Detailed review by Praskipark
There seems to be quite a plethora of pubs and eateries in and around Brampton in Cumbria and I have to say I have tried a few but the one that stands out the most to me is The Centruion Inn. From the outside this is a very quaint and pretty building. Any establishment with a name like The Centurion has to be connected to that famous wall of Hadrian's. It is indeed. The original name for the Inn was The Black Bull and has been part of village life for a very long time. Twenty five years ago the villagers realised that part of the building is actually on the route to Hadrian's Wall, hence the name was changed to The Centurion. Over the years work and renovations have taken place but the exterior and interior of the pub have still kept its somewhat cluttered, Cumbrian charm. Painted black and white with a thatched roof and small square windows, the sort of windows when steamed up, I like to plays noughts and crosses on, this building has a magical quality like no other in this part of Cumbria. The views from the restaurant, Fell View Restaurant, which is situated at the back of the pub are stunning and you are able to see right across the valley of Irthing to the highest peak in the Northern Penines, Cold Fell.

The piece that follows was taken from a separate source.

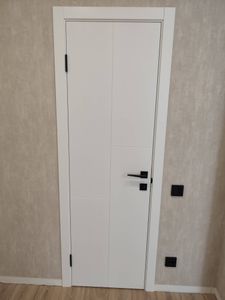 Установлен замок в дверь. Выполнены работы по сверлению, вырезанию отверстий, монтажу механизма и ручки. Все элементы надежно закреплены, обеспечивая функциональность и эстетику.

The first time I visited the pub they were undergoing quite a lot of renovation and at that time the rooms weren't let for Bed and Breakfast. The work is now completed and they are now open for visitors to stay a night or two. As I recall the rooms were small with wobbly walls and slanting wooden floors which is quite normal in an old building and I always thinks adds character. I haven't stayed as a B&B guest but it is advertised as having en-suite bathrooms, tea and coffee making facilities which is something British people love. There is also free wi-fi for guests and for hearty walkers a packed lunch which I think is a nice gesture.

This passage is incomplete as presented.